I first had a version of these Wild Rice and Almond Pancakes when the hubs and I were in Monterey, California, over 25 years ago. I’ve wanted to make a version ever since, and finally, I have! It was our first vacation together on a plane, I’ll never forget it, like a honeymoon, only 3 years in. We stayed a few nights at the Jabberwock Inn, and it’s still there. An old Craftsman style home with lovely views of the Bay and a sherry with the propriotor in the evenings. Breakfast was amazing!
Pancakes with wild rice, wha?
If you are thinking that pancakes with wild rice and almonds sounds weird, I get it, but stick with me. The nuttiness and crunch of the almonds, oh my. The wild rice adds texture and wonderful flavor (plus it make them a bit healthier) and the oats keep it all together and tender.
Here at SheCooks.Design I always make my pancakes (or any baked good) with Sunrise Flour Mill flours, oats and grains. No not sponsored, but they are a design and recipe development client of mine, and I will always use their flour. It’s worth it, with their organic heritage wheat flours and grains, always fresh. If you feel you have gluten sensitivity, most folks can tolerate their flour.
Other serving ideas for your pancakes
I like (the real stuff, please, you won’t regret it) maple syrup and a little Irish butter, of course.
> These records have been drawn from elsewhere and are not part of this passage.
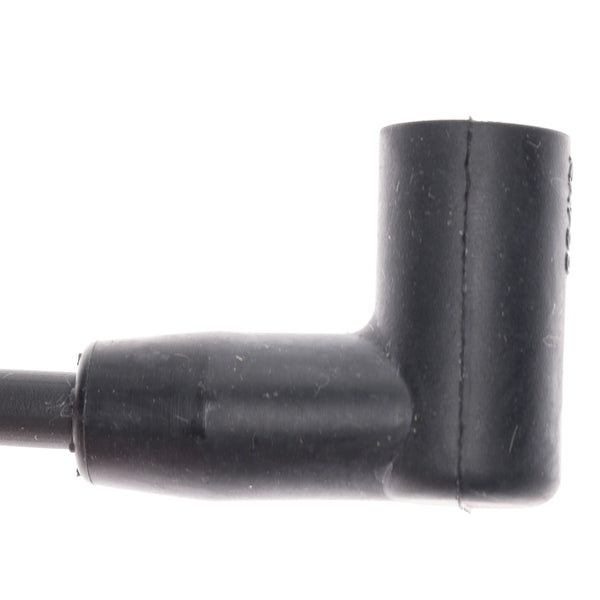 Juego de Cables Bujías WALKER 924-1588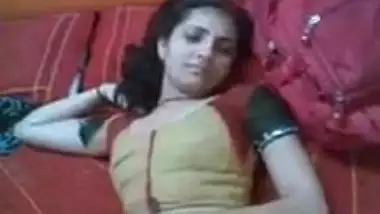 Kuwari Ladki Ki Sexy Video - Kuwari Ladkiyon Ki Chudai Karte Huye Seal Todte Hue Video Dikhaye xxx  indian films at Indianpornfree.com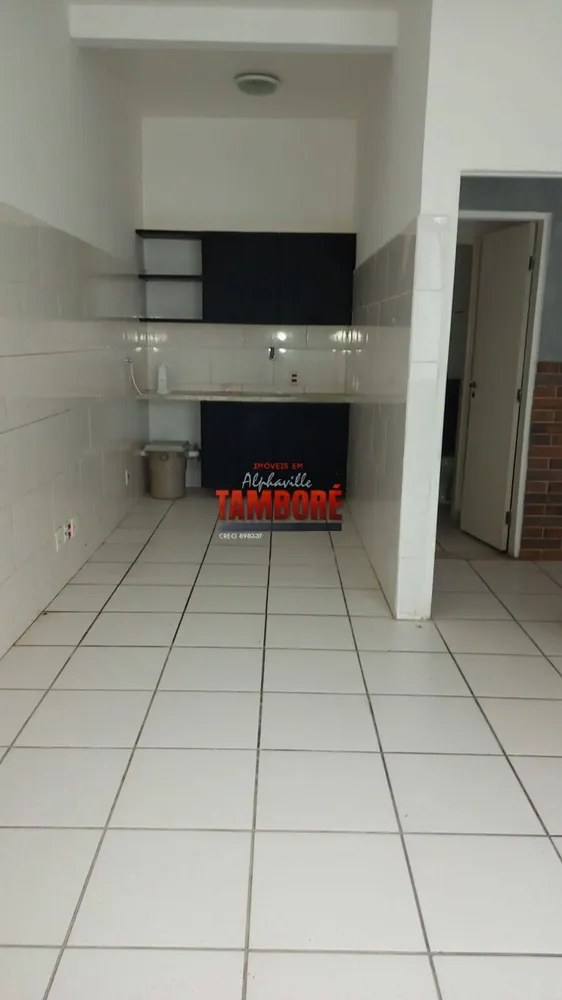 Loja-Salão, 64 m² - Foto 12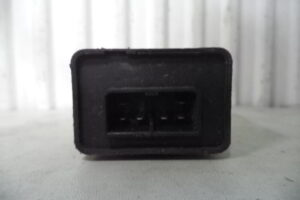 Изображение товара 3134w28542 - 098853134 (2)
But you could also make my homemade vanilla applesauce recipe and serve alongside. Other ideas:
- add some blueberries or any fresh fruit
- go savory and add some fresh thyme and smoked salmon, serve with a dollop of crème fraîche, why not?
- sauté bananas in a little butter, ‘Foster it up!’
- great for brunch too! You can make the batter ahead of time, but hold the almonds until you cook, you don’t want soggy almonds.
Wild Rice and Almond Pancakes
- Author: Shelagh
- Prep Time: 15
- Cook Time: 30 minutes
- Total Time: 45 minutes
- Yield: 4+ leftovers 1x
- Category: Breakfast and Brunch
- Method: Stovetop
- Cuisine: American
Description
Best served hot off the griddle, but if you need to hold them: place a damp towel on a rimmed baking sheet (affiliate link) and fold the freshly cooked pancakes inside. They should last about 30-45 minutes without drying out.
Ingredients
- 1 cup flour (all-purpose or whole wheat work great, again, I really do love Sunrise Flour Mill flour)
- 1/2 cup oat flour* (you can sub whole wheat flour if you need to)
- 1/2 cup oats
- 1 cup cooked wild rice (cooked according to package directions, but be sure they are tender)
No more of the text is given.